His article last week was a strange mix of praise and finger-wagging about food television, focusing on everything from the heights, Julia Child’s fine dining made at home recipes, to the depths (Sandra “Kwanzaa Cake” Lee). However, the major point was that today’s kitchen dwellers can barely work a microwave, but revel in who will have to pack their knives and go home on “Top Chef.” Instead of being inspire to cook along with Julia, Pollan protests that we live vicariously through our TV chefs instead of picking up a knife ourselves.

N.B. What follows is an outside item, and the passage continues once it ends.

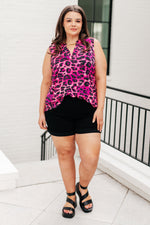 Hazel Blues® |  Lizzy Tank Top in Pink Multi Leopard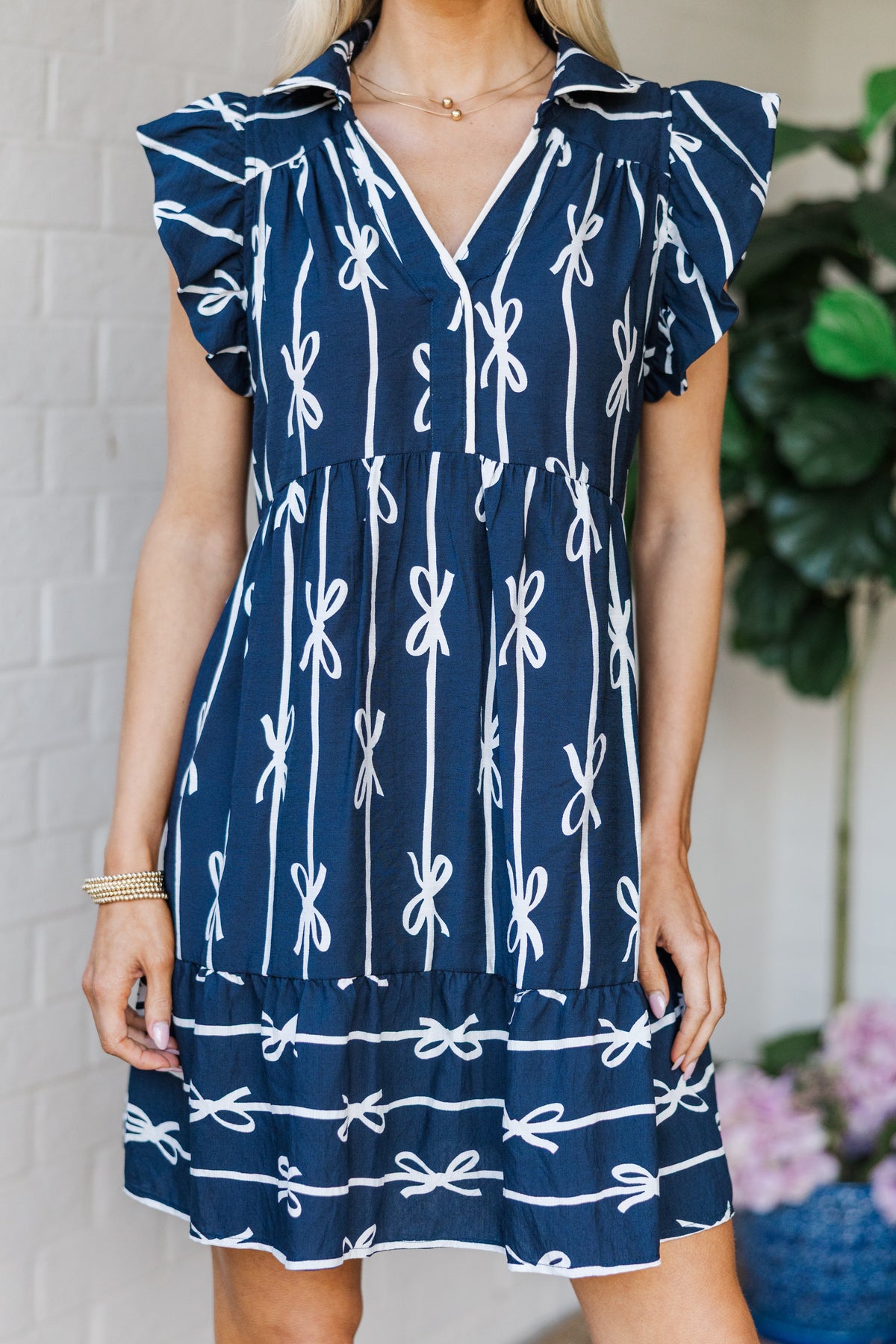 Bow Printed Robe On The Rise Navy Blue Bow Print Dress – Shop the Mint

I won’t argue that I used to be that way. Growing up, my mom cooked everything at dinnertime and I never showed any interest in learning what she was doing. I could justify that nuking a Stouffer’s Mac and Cheese was cooking because it took more than one step (take out of box, lift corner of plasti-wrap, put into microwave). I psyched myself out, thinking that I didn’t know how or even wanted to cook. It’s not a surprise that under a steady diet of pre-made freezer food and canned soups, I wasn’t exactly at my healthiest.

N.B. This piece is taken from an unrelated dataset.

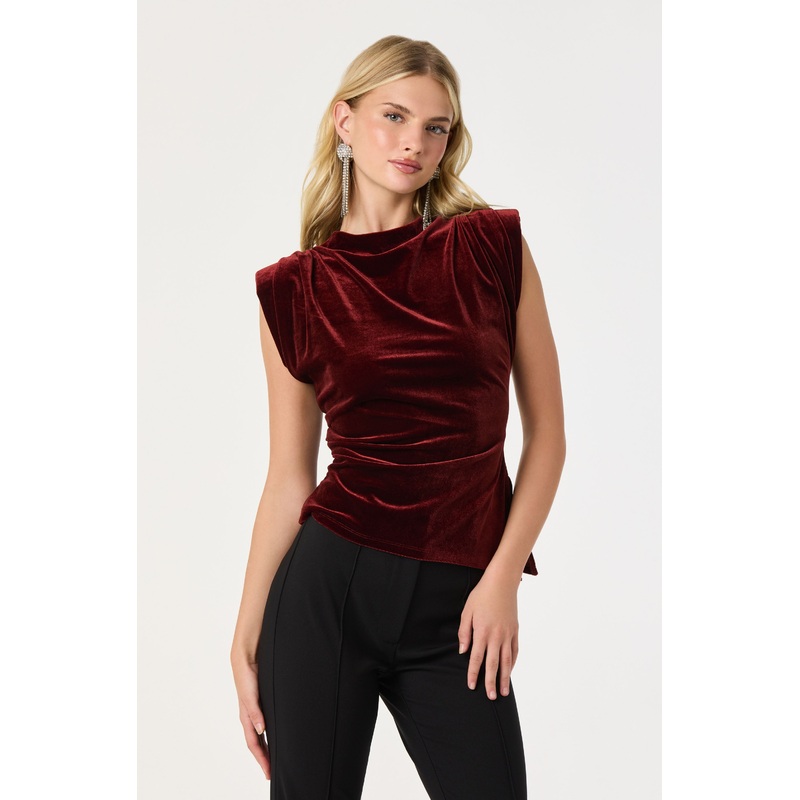 Velvet Draped Asymmetric Top Burgundy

That started to change when I started reading and then watching Anthony Bourdain on “No Reservations.” It got me actually excited about food (it didn’t hurt that Bourdain is geeky girl eye candy), I realized there was a world outside of Burger King and Circle K.  Once I moved into a place with an actual kitchen, “Top Chef” became one of my favorite shows. I would get inspired by the competitions and I even participated in a Top Chef-inspired Dinner Party.

I can see why Pollan may hate Food TV (I want to scissor-kick Rachael Ray each time she says “evoo”), but it helped make me start to cook. I looked beyond canned food and started picking up a knife alongside Hung and Casey on “Top Chef.”  Alton Brown made me appreciate the science behind my food. Mario Batali made me less scared of hooves and snouts. I got how good a simple crusty piece of bread, fresh tomato, and roasted garlic could be from Giada. Yeah, it was entertaining, but it made me want to do it myself as well. If Bobby Flay can cook up some ribs, then so can I!

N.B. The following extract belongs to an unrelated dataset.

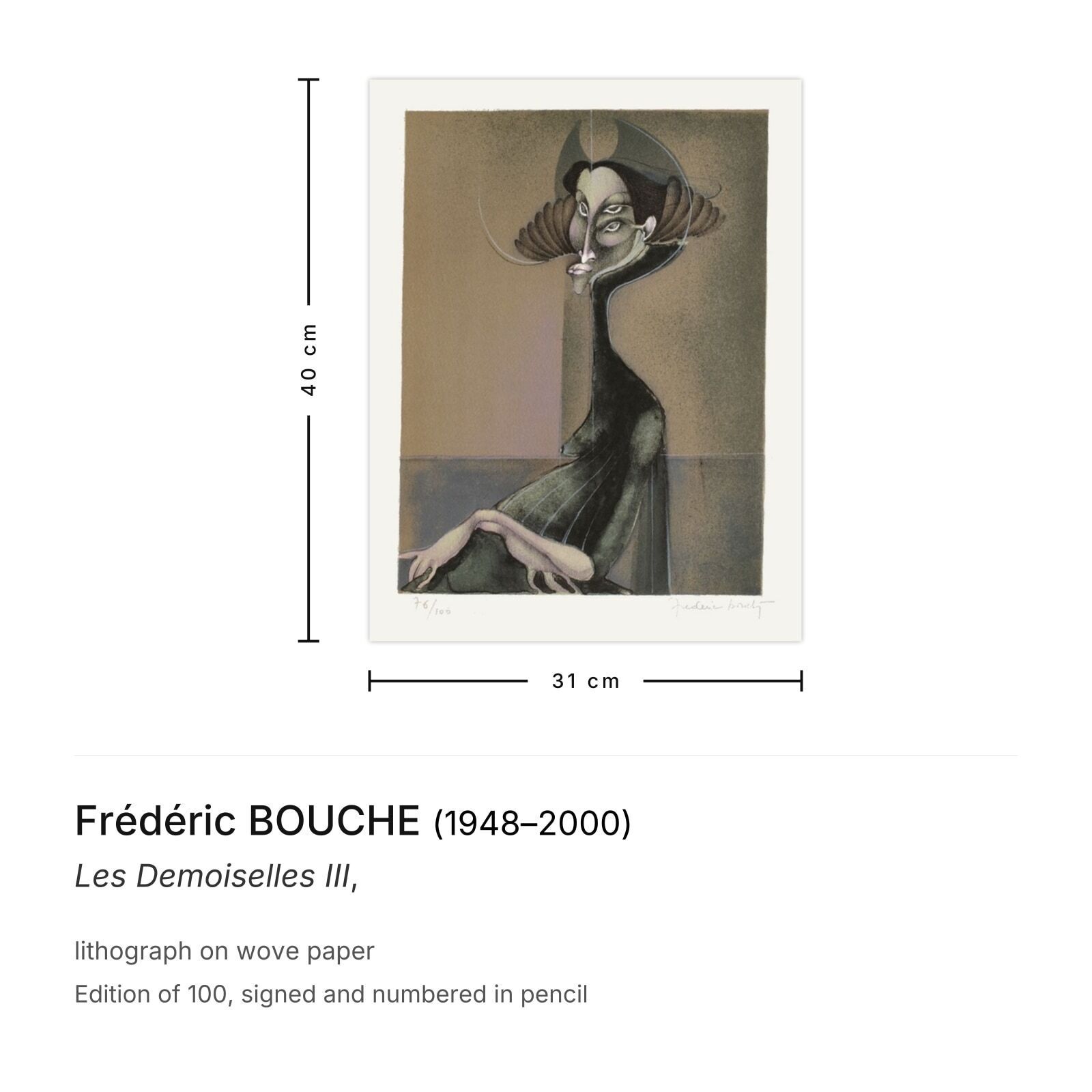 Frédéric Bouche Gesigneerde Lithografie Les Demoiselles III photo furniture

When I moved to Raleigh with Tony, we had to give up Cable, and with it my food television. I love reading about cooking and looking up recipes, but Food on television was my gateway drug. Without it, I would never change the way I eat and the way I live now.  Who would have ever thought that being a couch potato could be a good thing?



2 responses to “In Defense of Food TV

  1. Good story of your foody journey! I didn’t really know what to make of that article either. I enjoyed reading it, but it tended to kind of meander, and I wish he’d talked about how the internet has made recipe sharing so easy and cooking blogs so popular. Plus I know so many people who love to cook; lots of his points did not ring true for me.

    • rdugonnaeatthat

      I think that’s Pollan’s problem with his writing. He likes big grand statements that can be hard to argue with (we’re disconnected from where food comes from, many of watch cooking rather than do it ourselves), but he likes his own voice a little too much to really back up his thoughts.